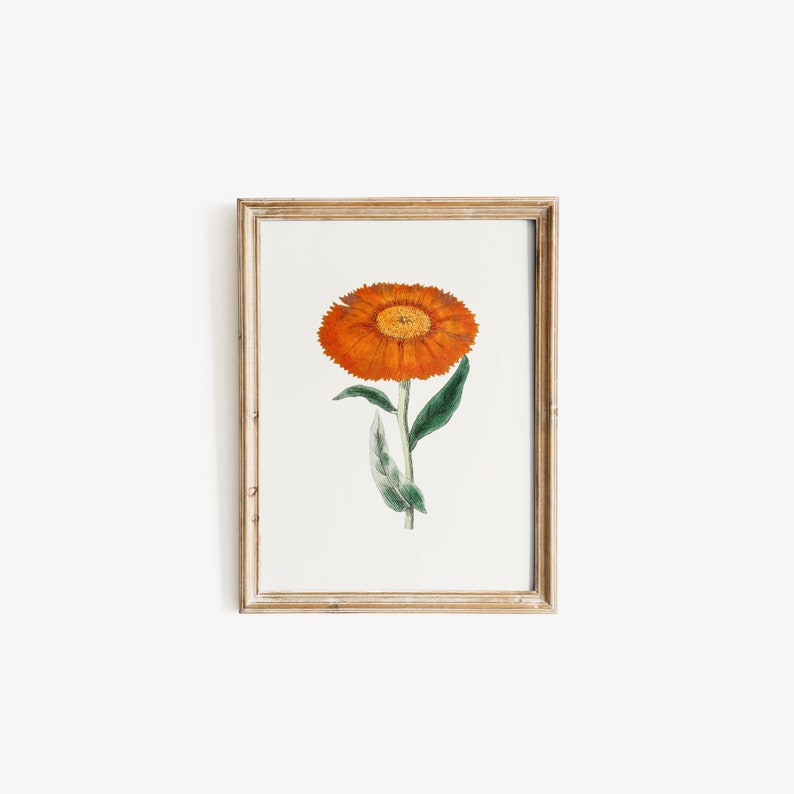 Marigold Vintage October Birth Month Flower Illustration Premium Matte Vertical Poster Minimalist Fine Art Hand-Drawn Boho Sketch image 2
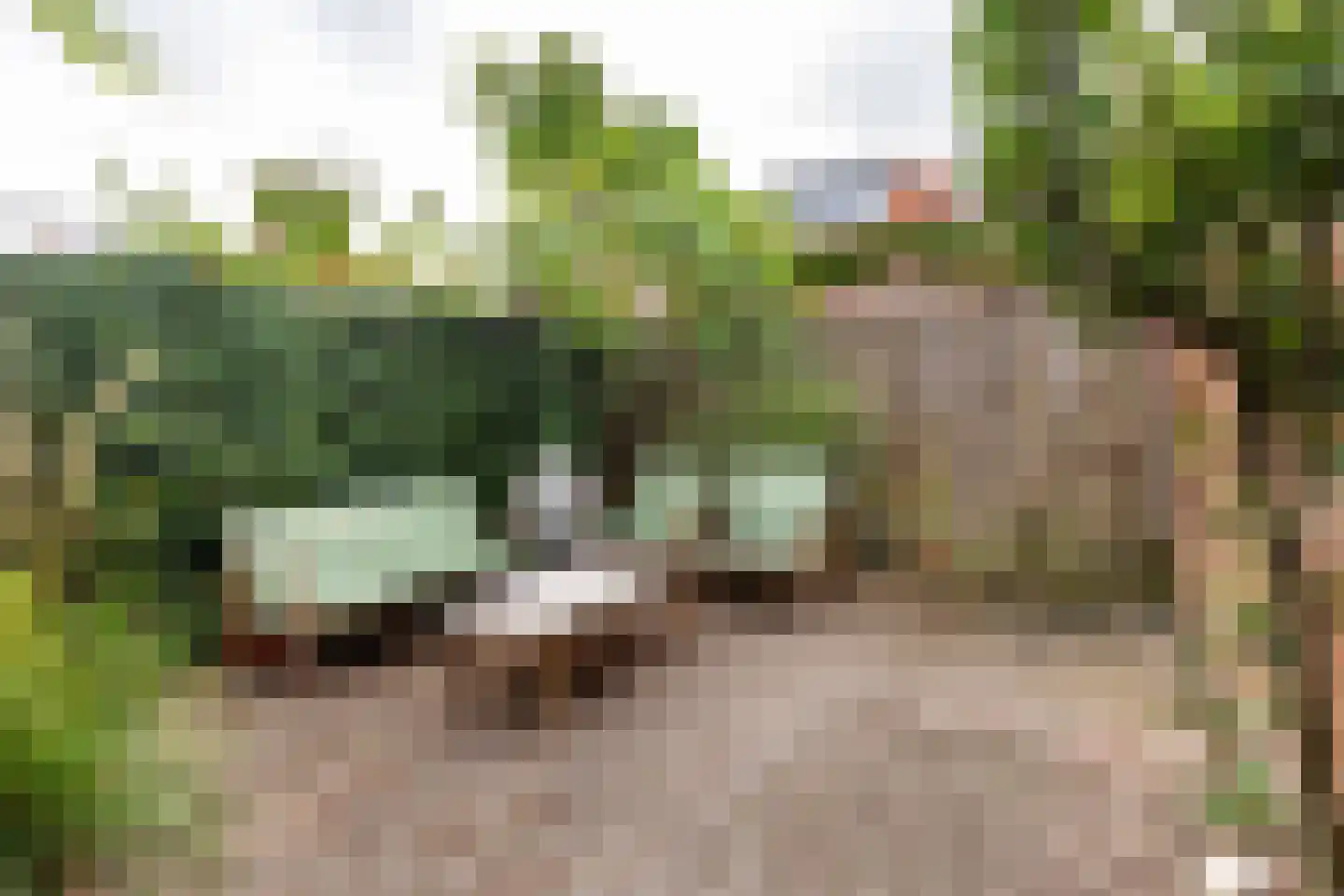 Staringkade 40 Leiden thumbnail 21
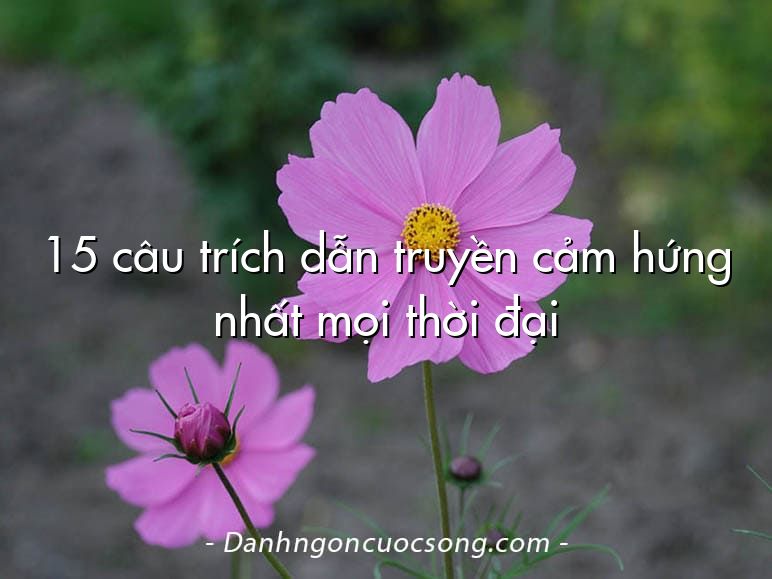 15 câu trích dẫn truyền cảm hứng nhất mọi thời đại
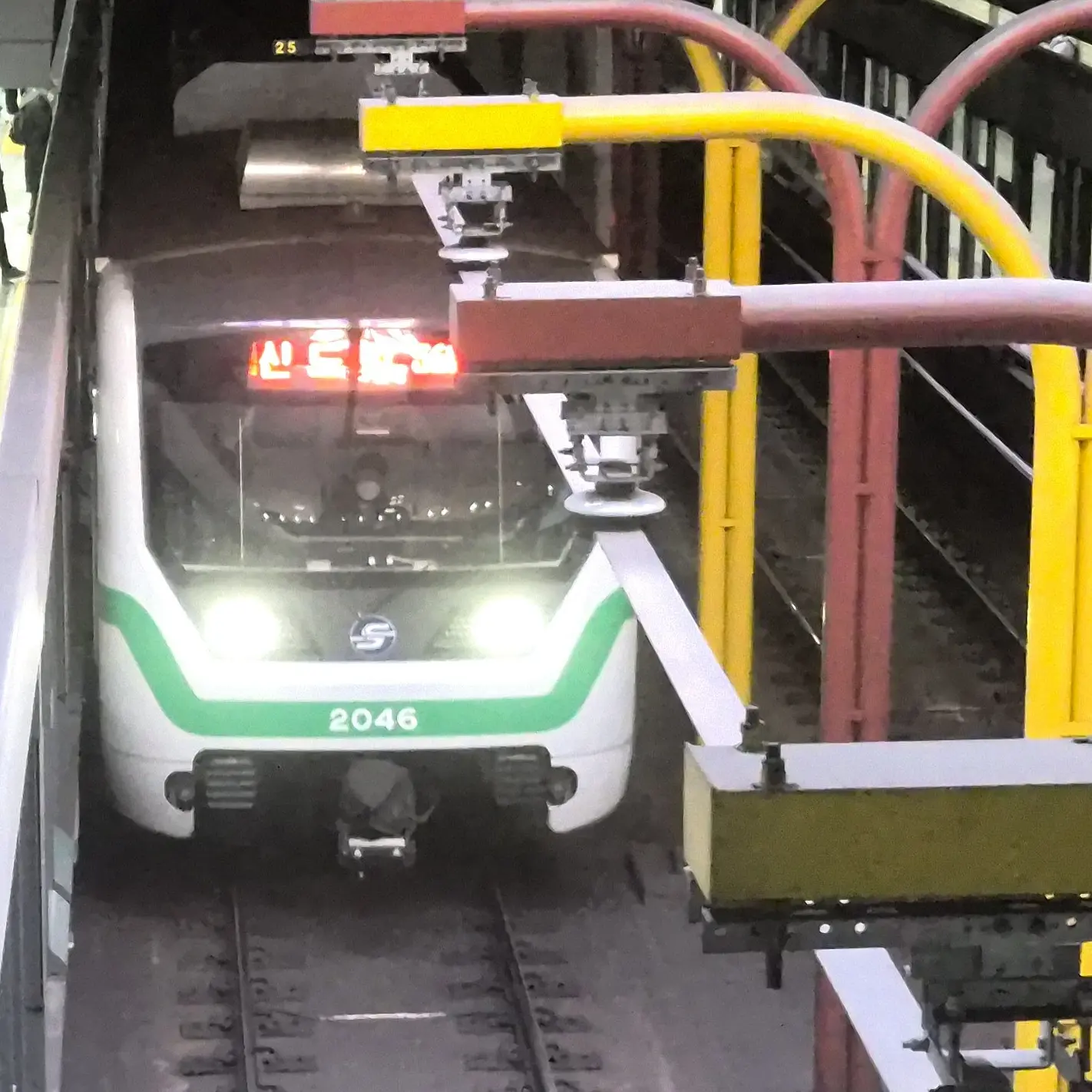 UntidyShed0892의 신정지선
---
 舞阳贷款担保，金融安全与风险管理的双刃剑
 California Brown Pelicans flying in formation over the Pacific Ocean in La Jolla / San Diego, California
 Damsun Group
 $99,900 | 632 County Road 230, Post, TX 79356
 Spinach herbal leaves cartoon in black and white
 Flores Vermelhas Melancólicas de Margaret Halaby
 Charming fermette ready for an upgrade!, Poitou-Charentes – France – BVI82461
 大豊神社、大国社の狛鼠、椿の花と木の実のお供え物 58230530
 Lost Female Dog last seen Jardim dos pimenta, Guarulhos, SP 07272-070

* [Activity] Scan the lines above for "Charming fermette ready" and for "Lost Female Dog". Repeat exactly the line holding each of them and every line in between.

* [Response area]
 Charming fermette ready for an upgrade!, Poitou-Charentes – France – BVI82461
 大豊神社、大国社の狛鼠、椿の花と木の実のお供え物 58230530
 Lost Female Dog last seen Jardim dos pimenta, Guarulhos, SP 07272-070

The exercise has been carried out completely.